Closely linked as they were to drink, such diversions as gambling, racing, and blood sports also fell to the same forces of change. In the central Massachusetts region that George Davis, a lawyer in Sturbridge, knew well, until 1820 or so gaming had “continued to prevail, more and more extensively.” After that “a blessed change had succeeded,” overturning the scenes of high-stakes dice and card games that he knew in his young manhood. Impelled by a new perception of its “pernicious effects,” local leaders gave it up and placed “men of respectable standing” firmly in opposition. Racecourses were abandoned and “planted to corn.” Likewise, “bear-baiting, cock-fighting, and other cruel amusements” began to dwindle in the Northern countryside. Elsewhere the rude life of the tavern and “cruel amusements” remained widespread, but some of their excesses of “sin and shame” did diminish gradually.

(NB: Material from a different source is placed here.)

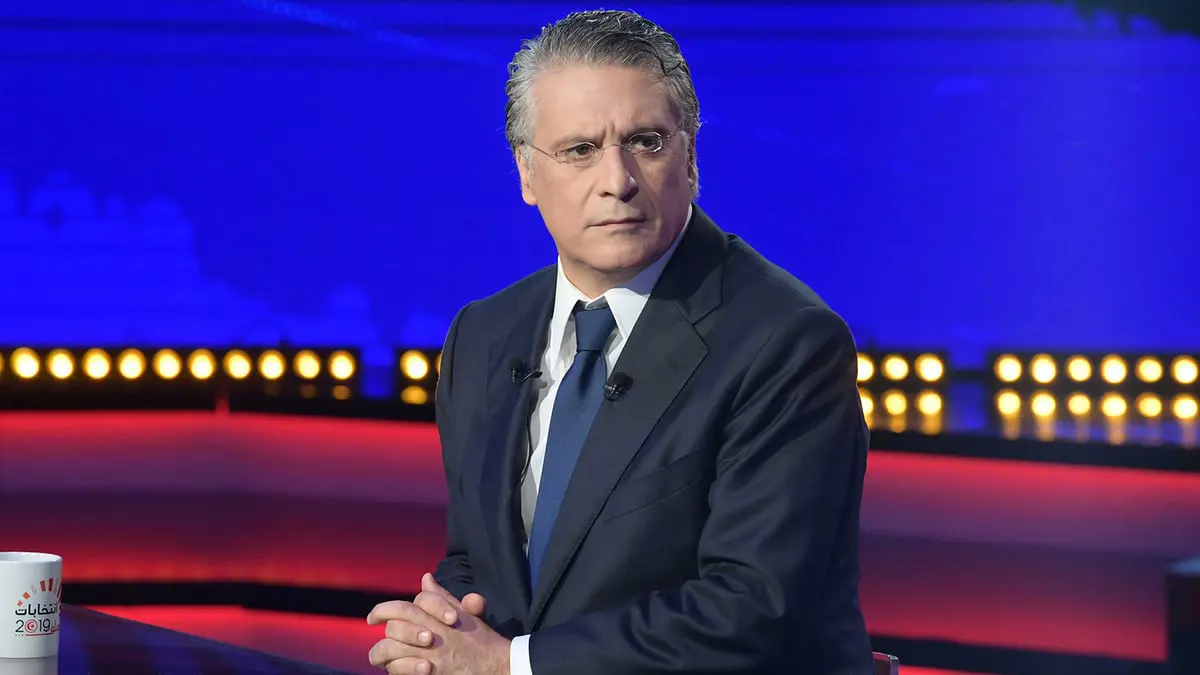 الجزائر تنقل نبيل القروي وشقيقه إلى سجن الحراش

Over the first four decades of the nineteenth century the American people increasingly made churchgoing an obligatory ritual. The proportion of families affiliated with a local church or Methodist circuit rose dramatically, particularly after 1820, and there were fewer stretches of the wholly pagan, unchurched territory that travelers had noted around 1800. “Since 1830,” maintained Emerson Davis in his retrospect of America, The Half Century, “…the friends of the Sabbath have been gaining ground....In 1800, good men slumbered over the desecration of the Sabbath. They have since awoke....” The number of Sunday mails declined, and the campaign to eliminate the delivery of mail on the Sabbath entirely grew stronger. “In the smaller cities and towns,” wrote Mrs. Trollope in 1832, worship and “prayer meetings” had come to “take the place of almost all other amusements.” There were still communities near the edge of settlement where a traveler would “rarely find either churches or chapels, prayer or preacher,” but it was the workingclass neighborhoods of America’s larger cities that were increasingly the chief strongholds of “Sunday dissipation” and "Sabbath-breaking.”

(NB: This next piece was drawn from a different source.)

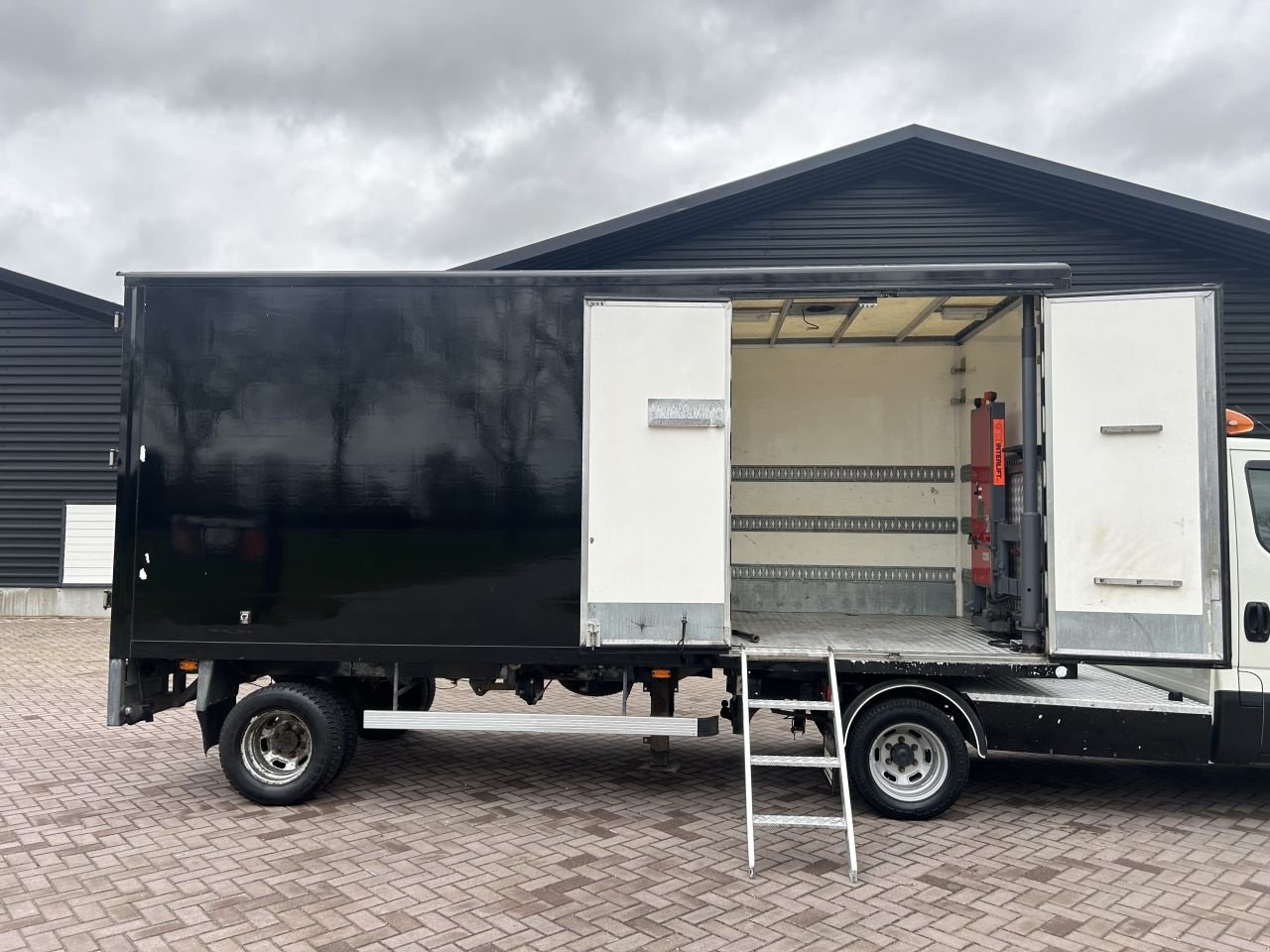 PKW-Anhänger des Typs Sonstige Be oplegger 5.5 ton Be oplegger 5.5 ton Veldhuizen met laadlift 550kg, Gebrauchtmaschine in Putten (Bild 2)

Whipping and the pillory, with their attentive audiences, began to disappear from the statute book, to be replaced by terms of imprisonment in another new American institution, the state penitentiary. Beginning with Pennsylvania’s abolition of flogging in 1790 and Massachusetts’s elimination of mutilating punishments in 1805, several American states gradually accepted John Hancock’s view of 1796 that “mutilating or lacerating the body” was less an effective punishment than “an indignity to human nature.” Connecticut’s town constables whipped petty criminals for the last time in 1828.

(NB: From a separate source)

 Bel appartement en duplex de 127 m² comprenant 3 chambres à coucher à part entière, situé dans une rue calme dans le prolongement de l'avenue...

Slaveholding states were far slower to change their provisions for public punishment. The whipping and mutilation of blacks may have become a little less ferocious over the decades, but the whip remained the essential instrument of punishment and discipline. “The secret of our success,” thought a slave owner, looking back after emancipation, had been “the great motive power contained in that little instrument.” Delaware achieved notoriety by keeping flogging on the books for whites and blacks alike through most of the twentieth century.